** Your task **
Because the copy must hold no pictures, return the data below with all of its words intact.

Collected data
^^^^^^^^

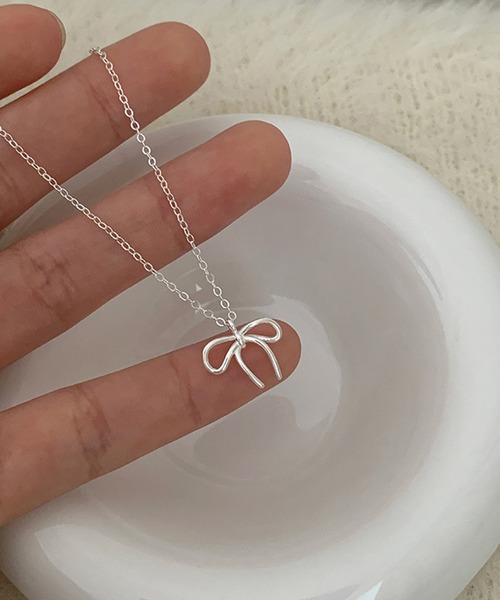 DiamondHearts(ダイヤモンドハーツ)の「ミニリボンシンプルネックレス(ネックレス・レディース・シルバー・FREE)」の6枚目の写真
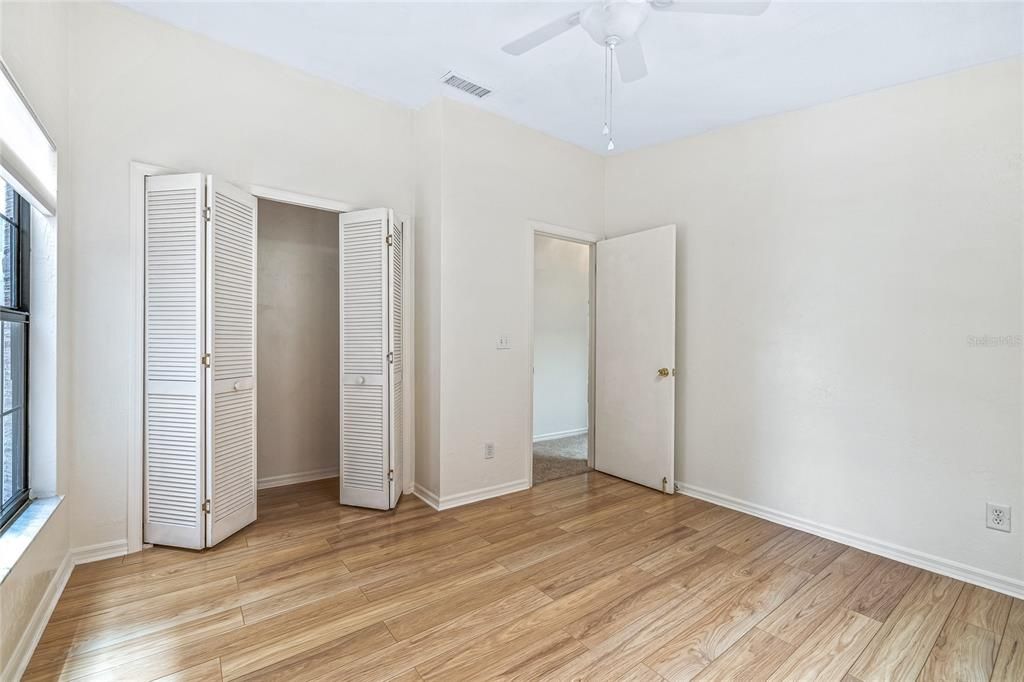 Под контрактом: $215,000 (2 спален, 2 ванн, 1046 Квадратных фут)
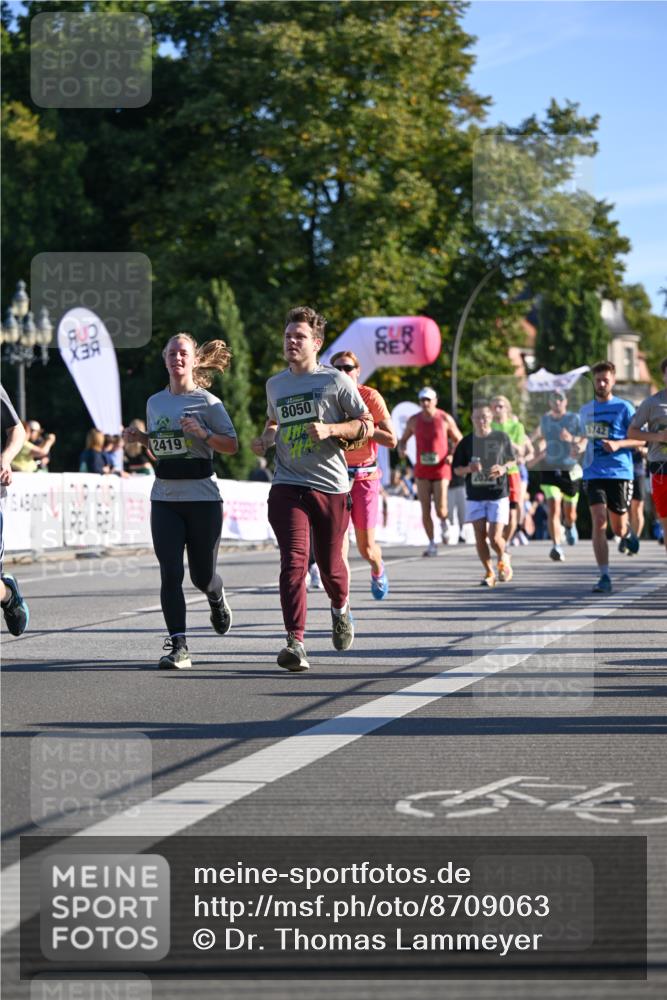 07.09.2025 - BARMER Alsterlauf Dr. Thomas Lammeyer http://msf.ph/oto/8709063 07.09.2025 09:32:35 Laufen 39, 2419, 8050, 5742 meine-sportfotos.de
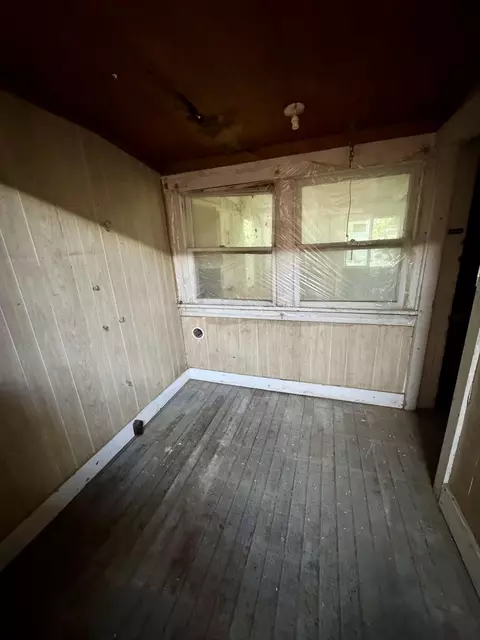 Bedroom - 309 E Webster Ave, Ava, MO 65608 photo 2 of 3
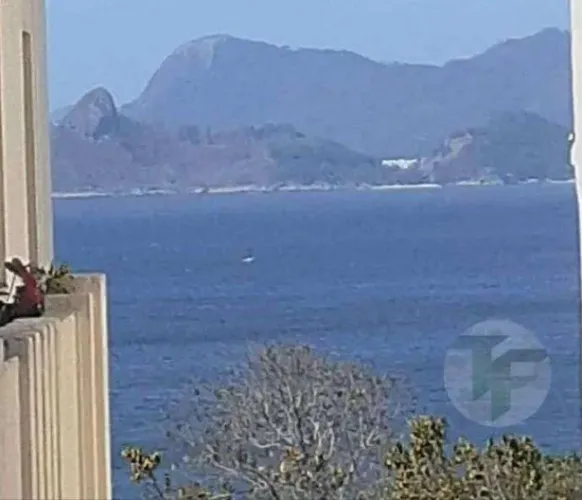 Praia do flamengo - conjunto de salas comerciais - andar alto- 140m² desocupado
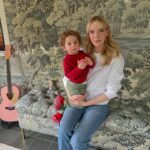 Riki Lindhome Instagram – Special office visitor 💕🎸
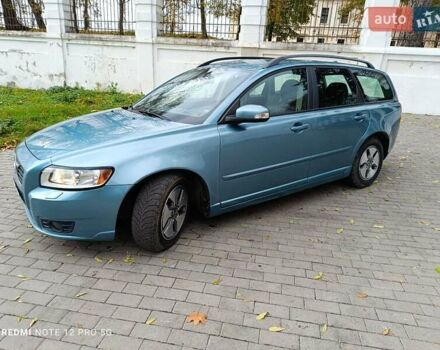 Синий Вольво В50, объемом двигателя 1.56 л и пробегом 260 тыс. км за 5500 $, фото 9 на Automoto.ua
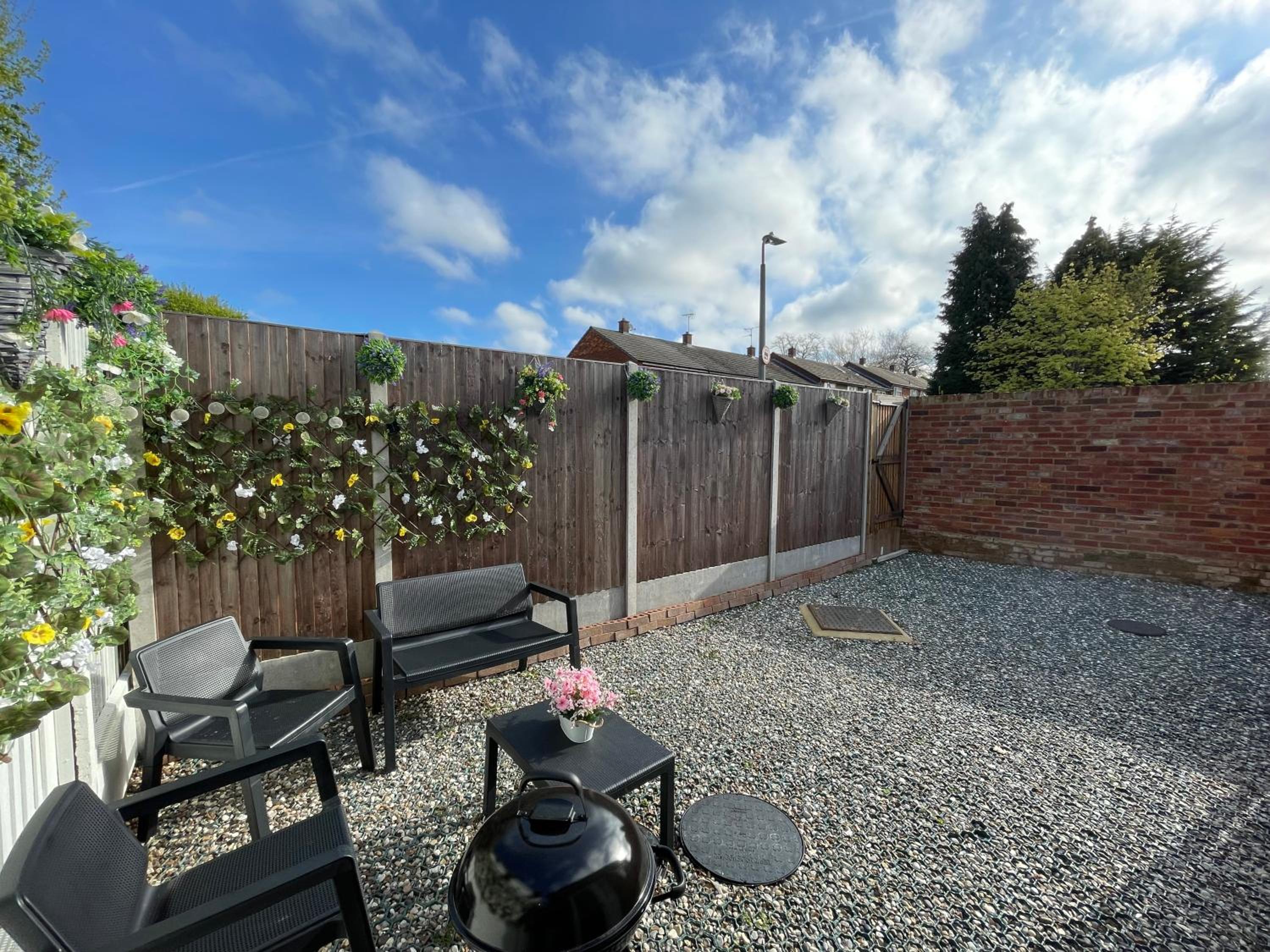 Stevenage Vacations - Luxury One Bed Apartment Stevenage - Property Image 1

^^^^^^^^

** Task response **
 DiamondHearts(ダイヤモンドハーツ)の「ミニリボンシンプルネックレス(ネックレス・レディース・シルバー・FREE)」の6枚目の写真
 Под контрактом: $215,000 (2 спален, 2 ванн, 1046 Квадратных фут)
 07.09.2025 - BARMER Alsterlauf Dr. Thomas Lammeyer http://msf.ph/oto/8709063 07.09.2025 09:32:35 Laufen 39, 2419, 8050, 5742 meine-sportfotos.de
 Bedroom - 309 E Webster Ave, Ava, MO 65608 photo 2 of 3
 Praia do flamengo - conjunto de salas comerciais - andar alto- 140m² desocupado
 Riki Lindhome Instagram – Special office visitor 💕🎸
 Синий Вольво В50, объемом двигателя 1.56 л и пробегом 260 тыс. км за 5500 $, фото 9 на Automoto.ua
 Stevenage Vacations - Luxury One Bed Apartment Stevenage - Property Image 1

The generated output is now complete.